Deane Bowers, ESA Fellow (2015)

Dr. Deane Bowers, Curator of Entomology at the University of Colorado Museum of Natural History and Professor and Chair of the Department of Ecology and Evolutionary Biology at the University of Colorado, was elected as Fellow in 2015. She is internationally known for her research on the chemical ecology of insect-plant interactions and multi-trophic interactions, as well as the biology of the Lepidoptera.

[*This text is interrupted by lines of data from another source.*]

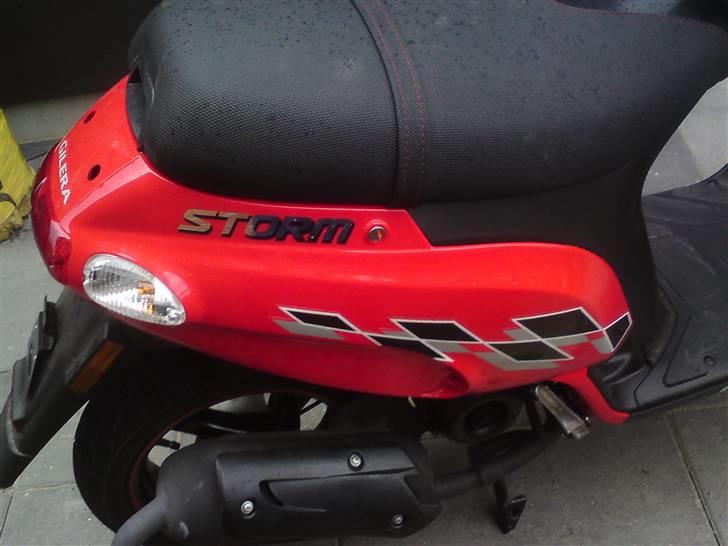 Gilera storm billede 8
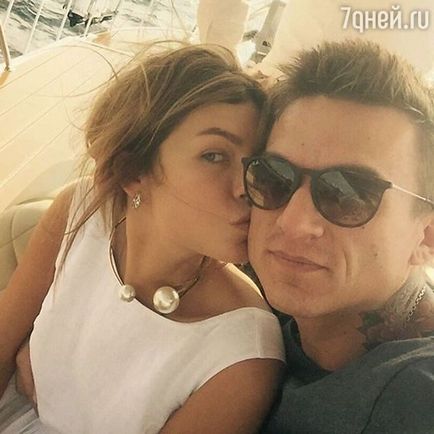 Влад Топалов одружився на власниці ательє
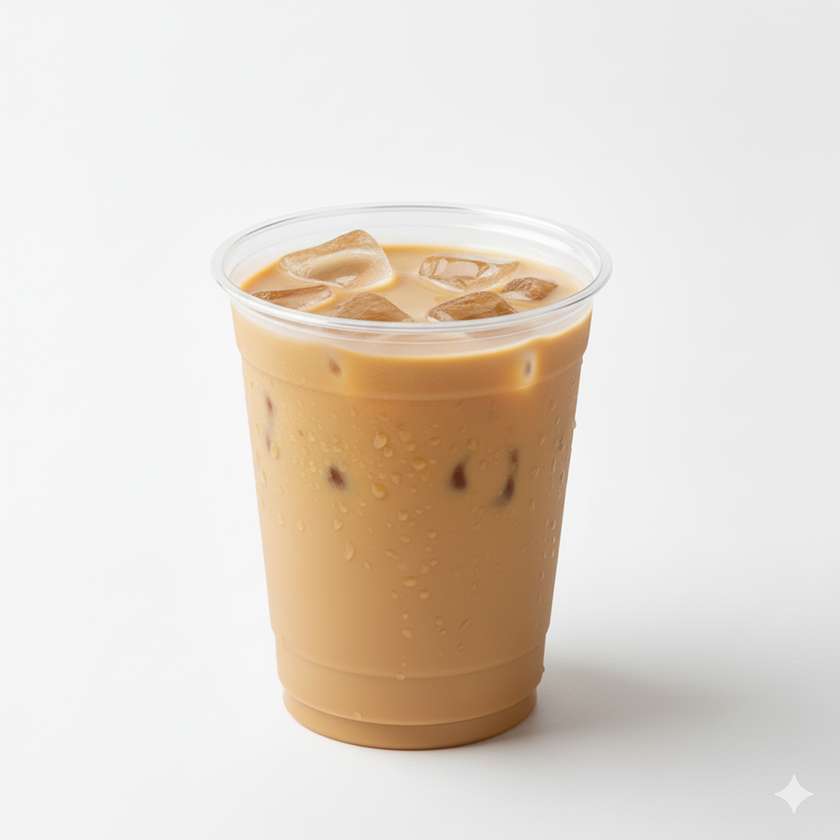 Cold Chai Latte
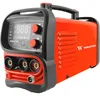WARTER Fülldraht-Schweißgerät 130 A IGBT ohne Gas 230 V Produktbild-Vorschau 2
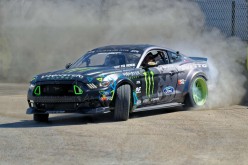 Rallycross de Lohéac 2016 - Vaughn-Gittin-Jr PA22451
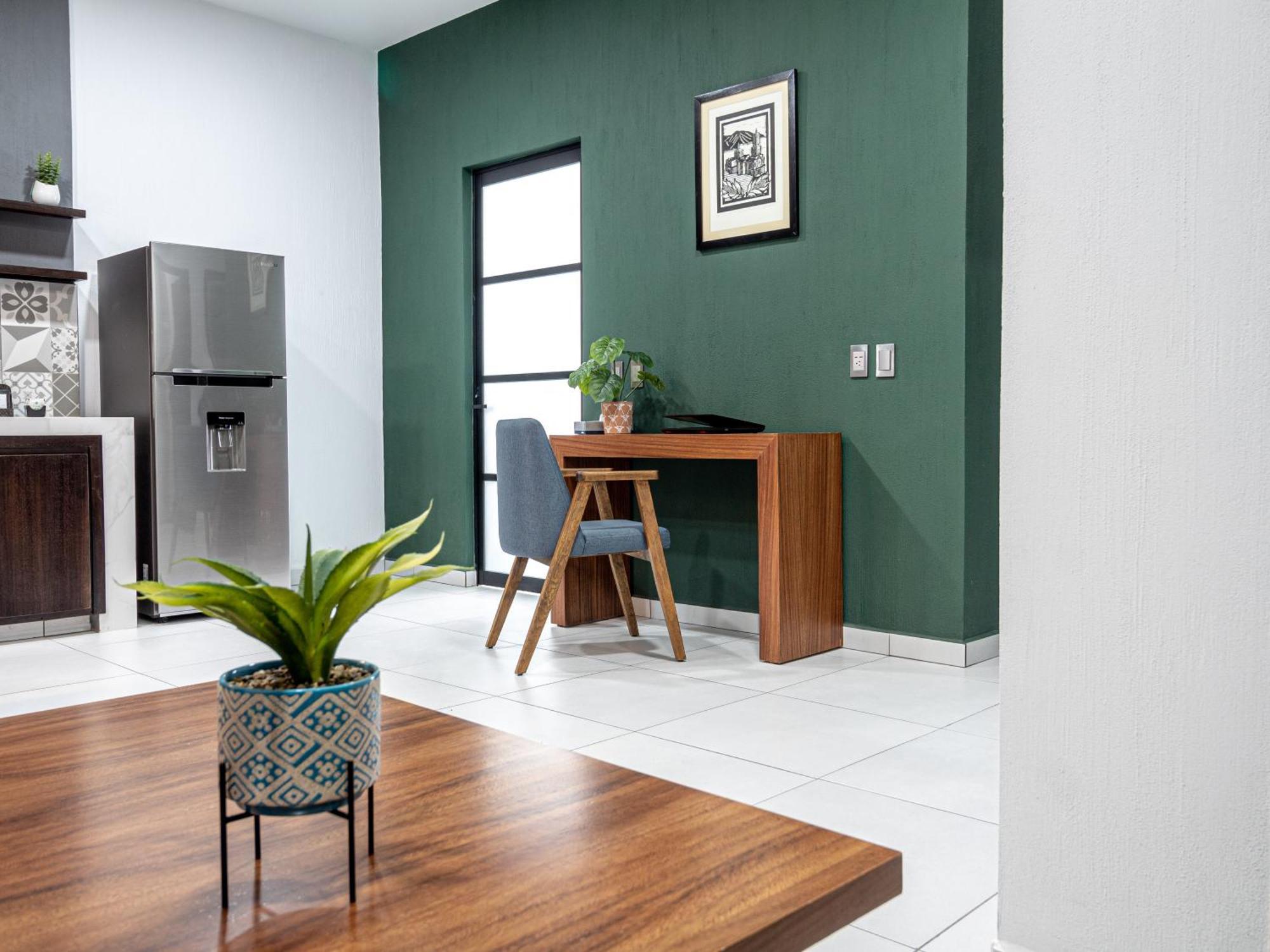 Appartement Depas Mololoa à Tepic Extérieur photo
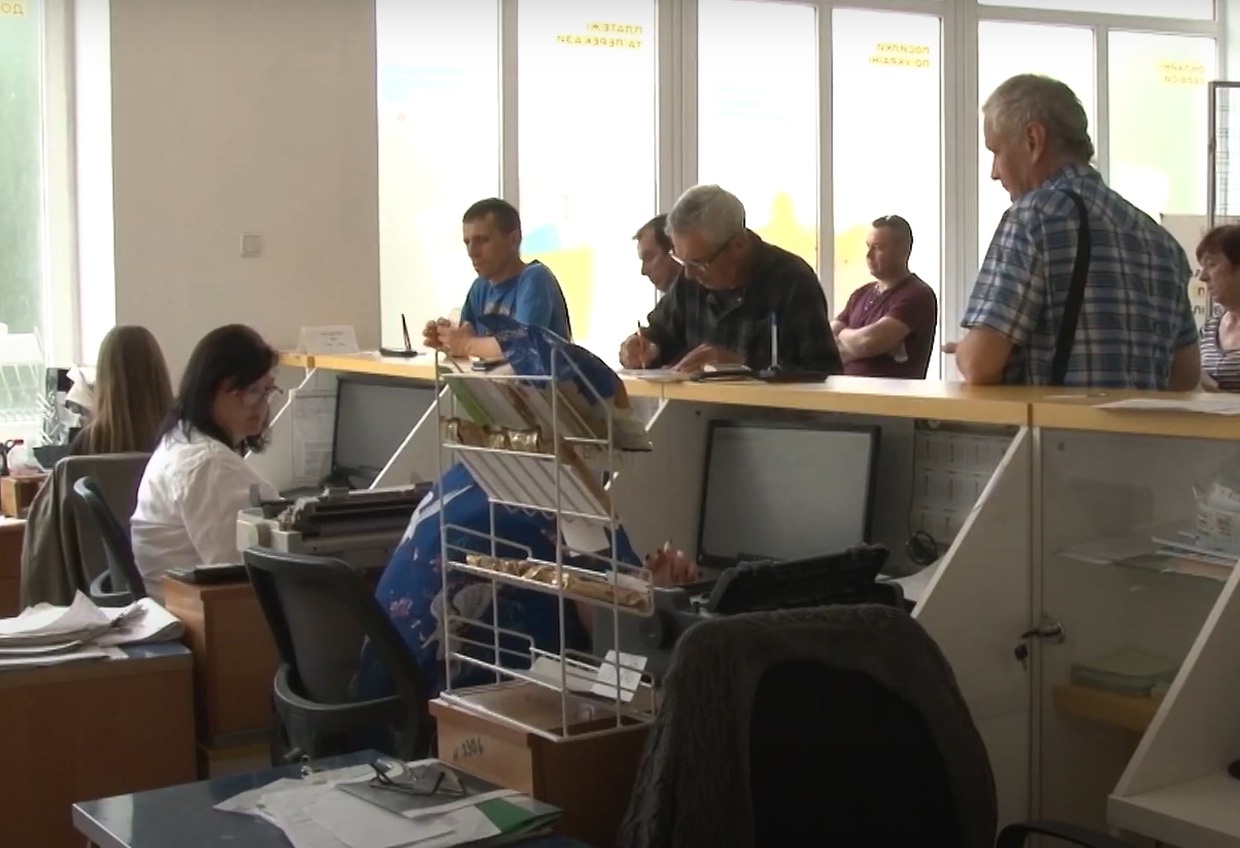 Гуманітарна допомога для пенсіонерів у Сумах: яку саме інформацію про оформлення надали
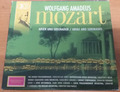 Wolfgang Amadeus Mozart Arien und Serenaden 3 CD Box sehr guter Zustand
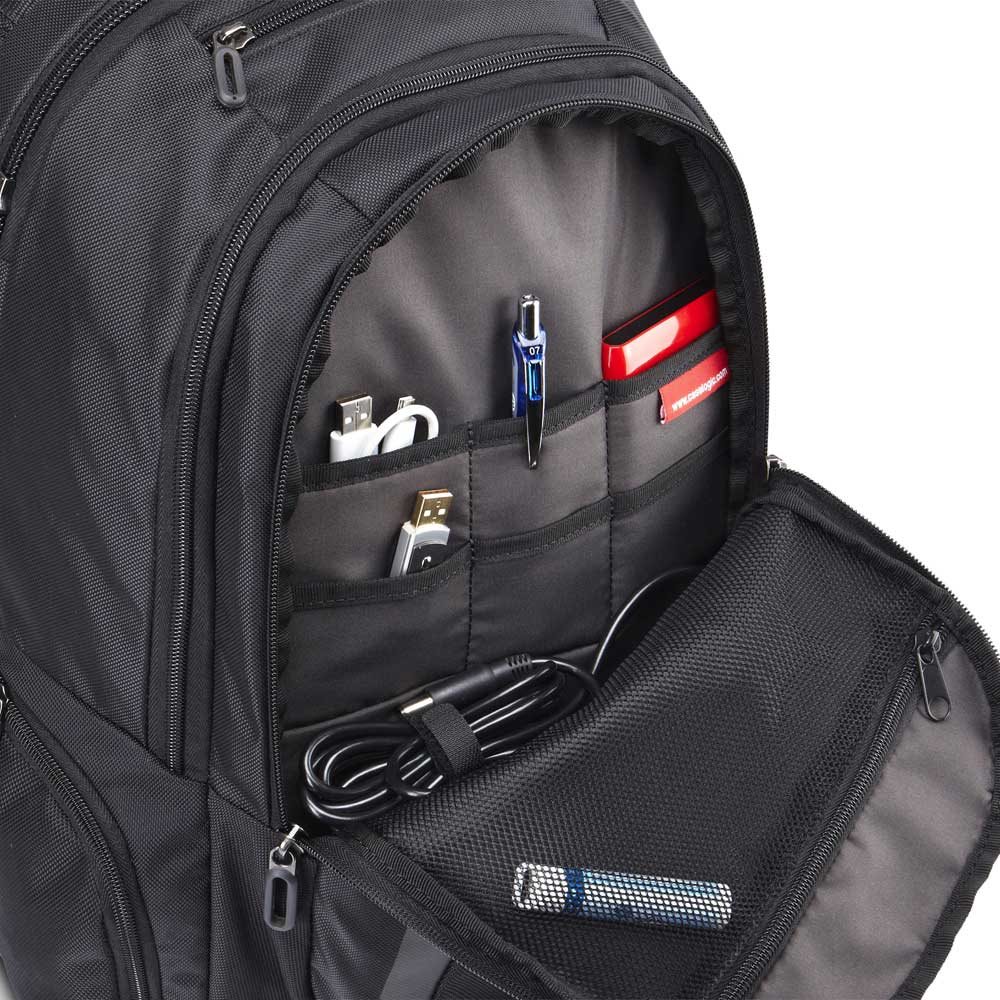 Case Logic Professional Backpack 15.6 inch black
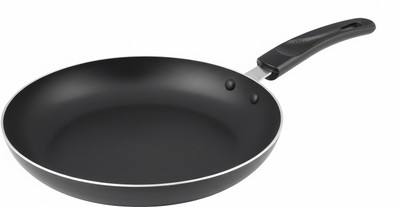 Tiara Creation Fry Pan 26 cm diameter 0.5 L capacity(Aluminium, Non-stick)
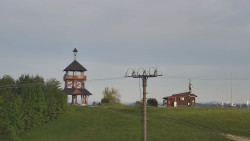 Troják, Maruška - Meteostanice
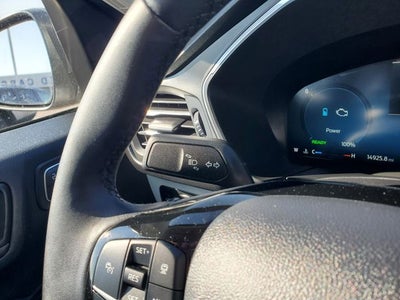 2024 Ford Escape Hybrid Platinum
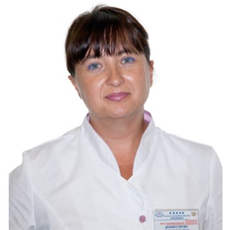 Комиссарова Светлана Алексеевна, анестезиолог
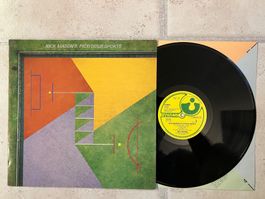 Nick Mason's Fictitious Sports, Jazz Vinyl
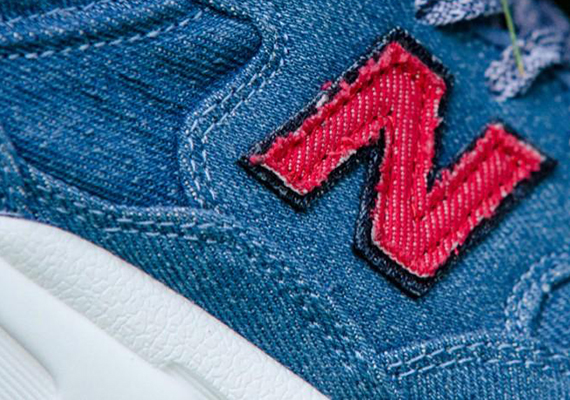 Capsule x New Balance MT580 "Canadian Tuxedo" - Teaser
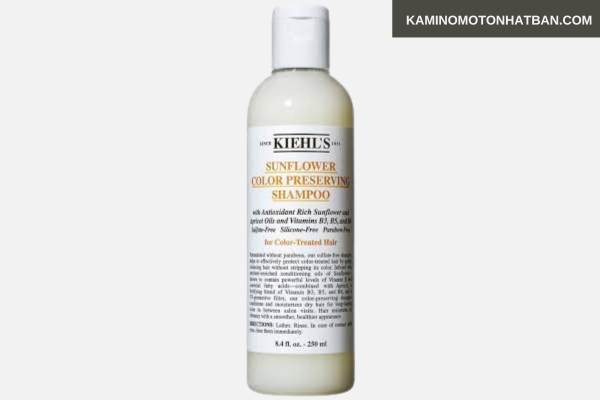 Kiehl’s Sunflower Color Preserving Shampoo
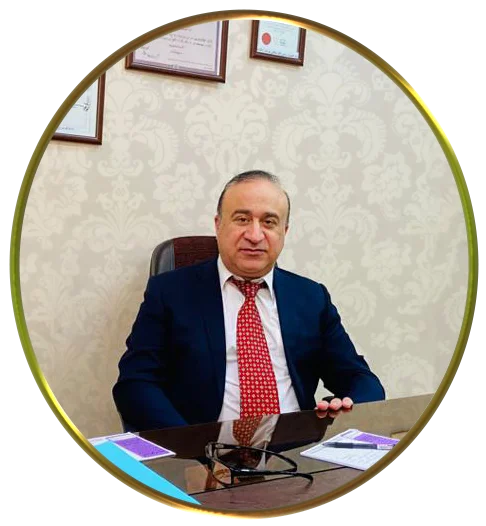 درباره دکتر عصاریان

Bowers was born in New York in 1952, but soon after that her family moved to Winter Park, Florida, where she grew up. It was there that she became fascinated with insects, especially butterflies and moths. She received a B.A. in zoology from Smith College in 1974 and a Ph.D. from the University of Massachusetts in 1979. She then spent two years at Stanford as a postdoctoral fellow. In 1981, she began her first faculty position at Harvard University, as an Assistant Professor and Curator of Lepidoptera. She was promoted to Associate Professor in 1986. In 1989, she moved to the University of Colorado, where she was jointly appointed between the Museum of Natural History and the Department of Ecology and Evolutionary Biology. She was promoted to Full Professor in 1996. She began her service as Chair in 2014.

Bowers’s interdisciplinary research is focused on the chemical ecology of insect-plant-natural enemy interactions, with a particular interest in insects that have the ability to sequester plant chemicals to render themselves unpalatable. She has also investigated factors that can contribute to variation in plant chemistry and how that variation affects other trophic levels, including not only herbivores, but also predators and parasitoids. More recently, she has collaborated on a project investigating how biofuel crops affect native bee communities and became involved in a citizen science project focused on bees. She has published more than 130 articles and book chapters and generated more than $4.5 million in grant funding. As curator, she has overseen extensive growth of the Museum’s entomology collection and received funding for improvement of the collection. She served as interim Director of the Museum from 2007–2008. Bowers enjoys mentoring students and has graduated 14 Ph.D. and 13 Master’s students, as well as supervised eight postdoctoral fellows and dozens of undergraduate researchers.

Bowers has given more than 300 invited and contributed presentations, been active on several editorial boards, and served as editor of the Journal of the Lepidopterists’ Society. She received the University of Colorado at Boulder Faculty Assembly Excellence Award in Research in 1996. She was chair of the Gordon Conference on Plant-Herbivore Interaction in 1998.

In addition to her overall fascination with insects, Bowers enjoys cooking, gardening, spinning, weaving, and natural dyeing, especially, of course, with insects.